Sheriff Tells TGB He Will Instruct His Deputies to Refer Non-Criminal Cases to LCO Police
By Joe Morey
On Nov. 25, the Tribe and the Sawyer County Sheriff’s Department renewed their annual Law Enforcement Agreement for 2021, and one significant change was the implementation of a system to insure that all non-criminal citations issued within the LCO Reservation exterior boundary would be processed through LCO Tribal Court rather than the county court system.
This past week the Sheriff met with the LCO Tribal Governing Board (TGB) to discuss the process of establishing and implementing an efficient system for all county deputies to refer all civil violations/citations occurring on the reservation to the tribal court, which, as part of the agreement, was to be created within the first three months.
Sheriff Doug Mrotek told the TGB that he would immediately issue a memo to all of his deputies instructing them to refer all non-criminal citations written within the reservation boundary to the LCO Police Department to process through tribal court, which would serve as the process while the county’s corporate counsel and tribe’s attorney would set up a meeting to go over legalities and jurisdictional questions.

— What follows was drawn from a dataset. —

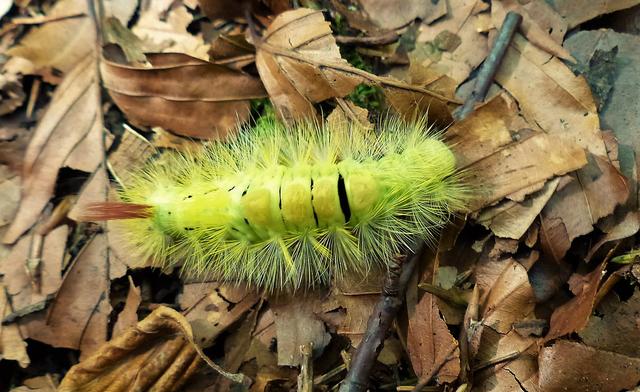 Buchen-Streckfußraupe mit seinem charakteristischen roten Schwänzchen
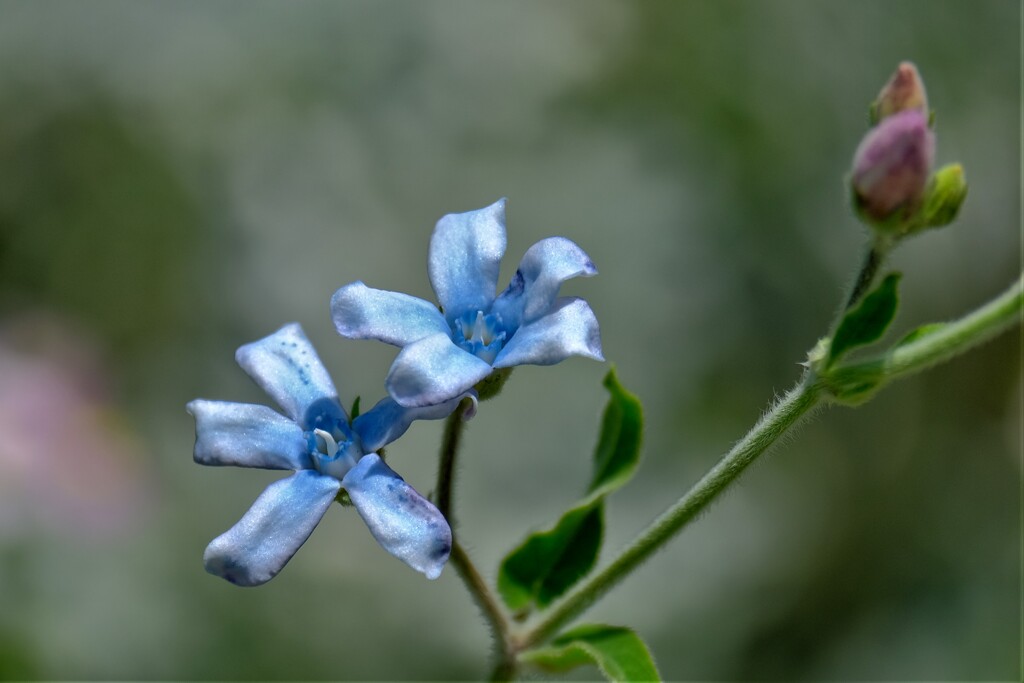散歩の途中で。③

One issue that has come up for non-Natives in the county is their potential treatment in tribal court. Dyllan Linehan, one of the tribe’s attorneys, explained that the fear of non-Natives in tribal court has been unfounded for a long time.
“The fear is because there is no knowledge or communication,” Linehan stated. “It’s not scary. We have the same standard as anywhere. Our traffic code is adopted to follow the same traffic laws of the state of Wisconsin. People need to understand it’s the same exact statute as the state and it’s civil. You’re not going to go to jail.”
Linehan told the sheriff that as the tribal prosecutor, he takes many things into consideration and works with defendants.
“Our boundary lines are important, but this whole thing is about law enforcement. We are a partnership,” Linehan stated.